- _Data supplied_:
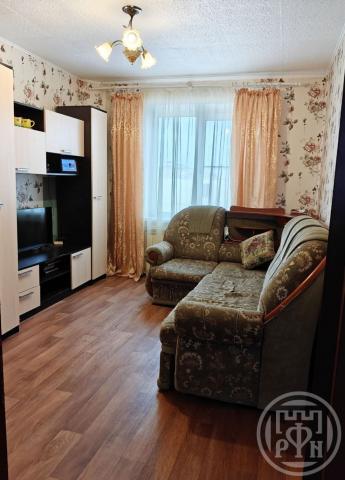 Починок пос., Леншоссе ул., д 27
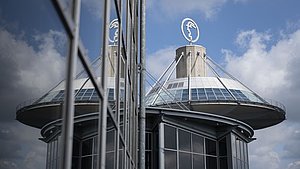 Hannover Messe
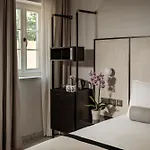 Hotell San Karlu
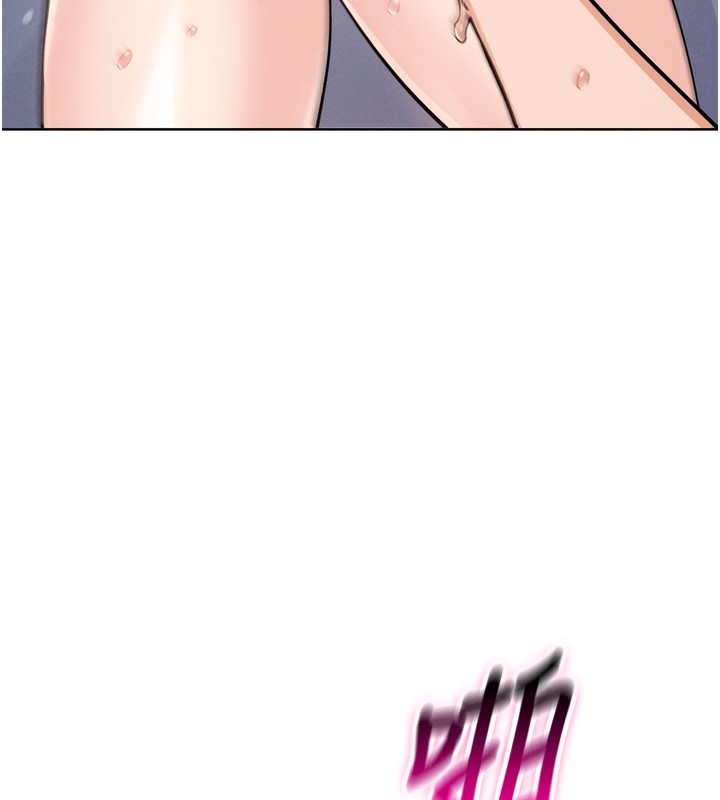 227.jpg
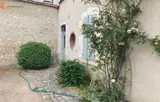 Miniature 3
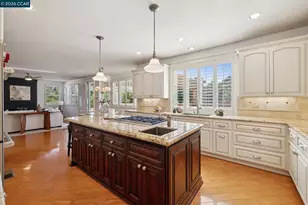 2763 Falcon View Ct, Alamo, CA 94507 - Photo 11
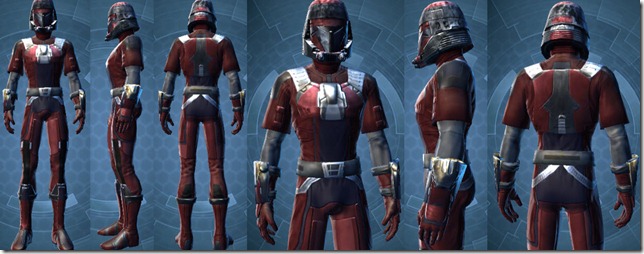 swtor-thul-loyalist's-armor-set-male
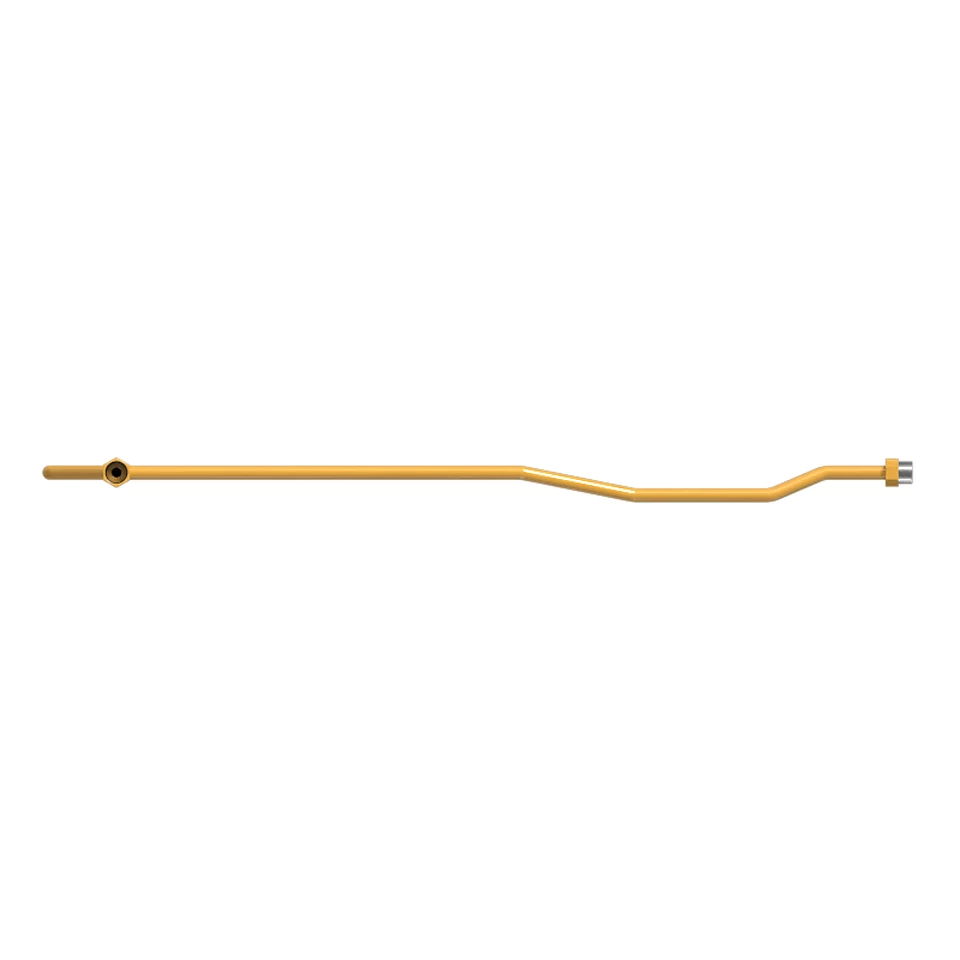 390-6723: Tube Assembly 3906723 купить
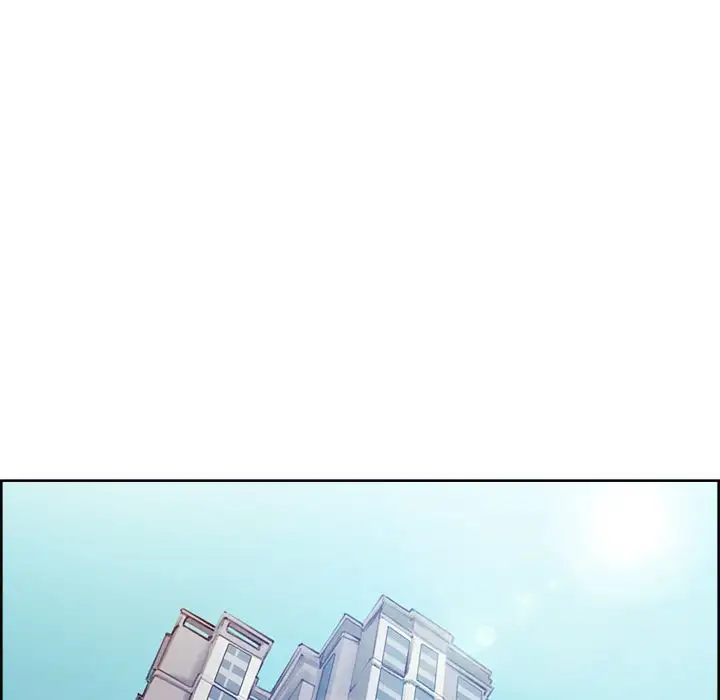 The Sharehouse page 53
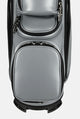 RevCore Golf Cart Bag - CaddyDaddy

- _Exercise brief_: What should appear is an exact reproduction of the lines from the one with "Hotell San Karlu" through the end of the material above, and no pictures.

- _Task response_:
 Hotell San Karlu
 227.jpg
 Miniature 3
 2763 Falcon View Ct, Alamo, CA 94507 - Photo 11
 swtor-thul-loyalist's-armor-set-male
 390-6723: Tube Assembly 3906723 купить
 The Sharehouse page 53
 RevCore Golf Cart Bag - CaddyDaddy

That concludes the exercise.